J.D.B. was suspected by police of committing a residential burglary (The circumstances detailed here come from transcripts of lower-court proceedings.). When the hapless 13-year-old brought a stolen digital camera to school in Chapel Hill one day, a teacher reported him and the police were called. J.D.B. was pulled out of class by a uniformed police officer and brought to a conference room where the assistant principal and the detective investigating the burglary were waiting.
After some initial questioning J.D.B. was confronted with the camera as evidence of his guilt. When the assistant principal encouraged him to "do the right thing," J.D.B., who was a special education student, innocently asked if he would still be in trouble if he gave the stuff back. The detective has testified that he then told J.D.B. that the matter was going to court and warned him that "if I felt that he was going to go out and break into other people's houses again because he really didn't care" he would have J.D.B. put into a juvenile detention facility.
What happened next would have confounded most adults, and must have made no sense to the middle-schooler. The detective told J.D.B. that he was free to leave and did not have to speak with him. Why? Because Miranda does not apply to people who are not in custody. By telling J.D.B. that he was free to leave, the detective was avoiding telling J.D.B. what he really needed to know - his Miranda rights.
Now imagine yourself in this situation as a 13-year-old. The police have the goods on you; you already half-confessed by asking if you can give the stuff back; the detective just told you that he will lock you up if he thinks "you don't care."

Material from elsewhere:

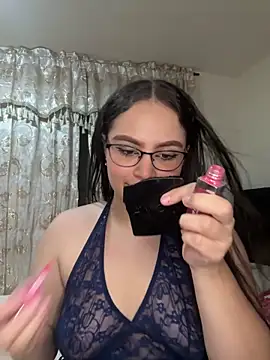 Tayler Kim online show from May 2026 07:52:02 PM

Do you really feel like you are free to leave? What good does leaving the conference room do if you end up getting thrown into a juvenile detention facility? So J.D.B. did the only thing that could have made sense to him. He made a full confession.
Custody for Miranda purposes is defined objectively, and the state of North Carolina argued that a reasonable person would have felt free to leave all along. J.D.B.'s lawyers argued that the court should ask whether a reasonable 13-year-old would have felt free to leave.
Since most 13-year-olds wouldn't have felt free to leave when brought to see the assistant principal by a uniformed police officer, this would have made quite a difference. Only in some strange sort of alternate universe could you ask whether a reasonable person in J.D.B's situation would have felt free to leave without distinguishing between children and adults. Adults don't get called to the principal's office. Justice Sonia Sotomayor described as nonsensical and absurd the idea that you could do a Miranda custody analysis in J.D.B's case or in many other juvenile cases without considering age.
By interrogating J.D.B. at his middle school, however, the police were able to take advantage of the natural deference to authority that most students exhibit when at school. They were able to question J.D.B. in a setting that reasonably seems custodial to kids while hiding behind the fact that "a reasonable adult" would not believe himself to be in custody there. The police were also able to circumvent the protection of J.D.B's family, who had earlier objected to his being questioned by the police.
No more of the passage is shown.